DELA以前とDELA以降に分けることのできるファイル再生の世界

 やがてオーディオ用に考慮されたスイッチングハブを使うようになり、ネットワーク機器の電源部も強化するなどして、ネットワーク環境をオーディオ的に整備したが、これらはグンと効いた。

 ネットワーク環境整備の直前にDELAに出会う。

 2015年夏にDELAのオーディオ用NASのN1AとN1Zがわたしのオーディオ部屋に持ち込まれた。DELAとしては第一世代の機器だ。

 内蔵ストレージは、N1Aが1TBのHDD×2、N1Zが512GBのSSD×2だった。当時のSSDはまだ容量が小さく高価だったのだ。容量的にも価格的にもわたしの興味はN1Aに集中した。N1Aは、USB‐DACと接続するとOpenHomeで操作できて、DLNA(Digital Living Network Alliance)とは一線を画す使いやすさであった。
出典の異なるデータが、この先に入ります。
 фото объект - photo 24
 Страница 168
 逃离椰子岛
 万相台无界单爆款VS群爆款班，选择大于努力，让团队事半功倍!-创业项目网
 QNAPのTS119P ⅡとDELAのN1Aとの聴き比べは、1曲目のイントロが鳴った途端に決着が付いた。DELAのN1Aでは、S/N感が高まり、空気感が綺麗に晴れわたってきたのだ。だいいち音の彫りが深いので、音が音楽が生き生きとしている。明らかに「いっぱい音が聴こえてくる」傾向にある。いったんN1Aを聴いてしまうと、TS119P Ⅱは曇り空のように籠もった音であり、音楽が退屈に聴こえてしまうほどだった。残念ながらN1Aを聴いた後ではもうTS119P Ⅱは聴けたものではなかった。
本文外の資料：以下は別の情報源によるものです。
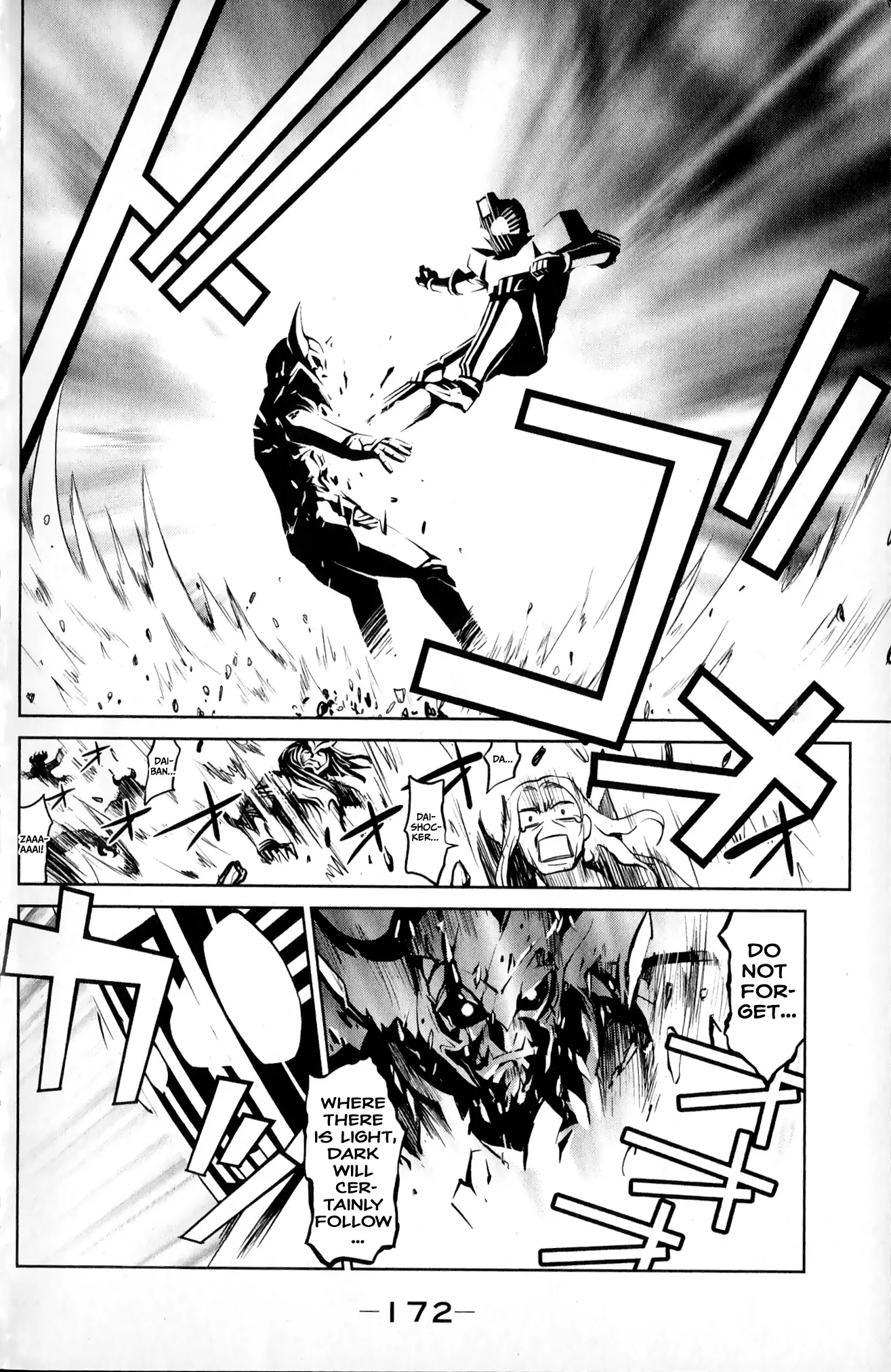 Manga page 53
 その後に登場したDELAのHA-N1AH40-BK(内蔵ストレージが2TBのHDD×2)を購入した。

ミュージックライブラリー
N1A/2(左)/N1Z/2(写真右)

DELAは「N1A」(記録容量HDD・2TB/HDD・4TBの2種)と「N1Z」(記録容量SSD・1TB)で、2014年にデビューを飾った。オーディオ用途に特化して開発・吟味された電源部や筐体構造、内蔵ストレージを持つだけでなく、内蔵するサーバーソフトウェアにもカスタマイズを施して、独自の楽曲表示方法で使い勝手を向上させていたり、楽曲配信サイトからの自動ダウンロードが可能であったりと、音質と利便性の双方に優れるオーディオ用NASであった。また、デジタルファイルトランスポートとしても使用することができ、PCを介さずにUSB-DAC等と接続して音楽が再生可能なことも、これまでの汎用NASとの決定的な違いと言えた。2016年には、フットの改良、電源部に大型のコンデンサーバンクを搭載するなど細部をブラシュアップした第2世代モデルの「N1A/2」(写真左)、「N1Z/2」(写真右)が登場し、「N1Z/2」がその年のベストバイコンポーネントの2位を受賞するなど、両機ともに多くのオーディオファイルから高い支持を得て、ミュージックライブラリーと呼ばれる製品ジャンルの立役者となった。

 

 DELAのHA-N1AH40-BKのおかげで音がよくなったものだから、Hi-Res音源のダウンロード購入やCDのリッピングにうんとやり甲斐がでてきた。初めのうちは面倒だったが音楽ファイルが溜まってきて、カバーアート(ジャケ写)がズラリとディスプレイに並ぶようになるのは、わくわくとして嬉しいものだ。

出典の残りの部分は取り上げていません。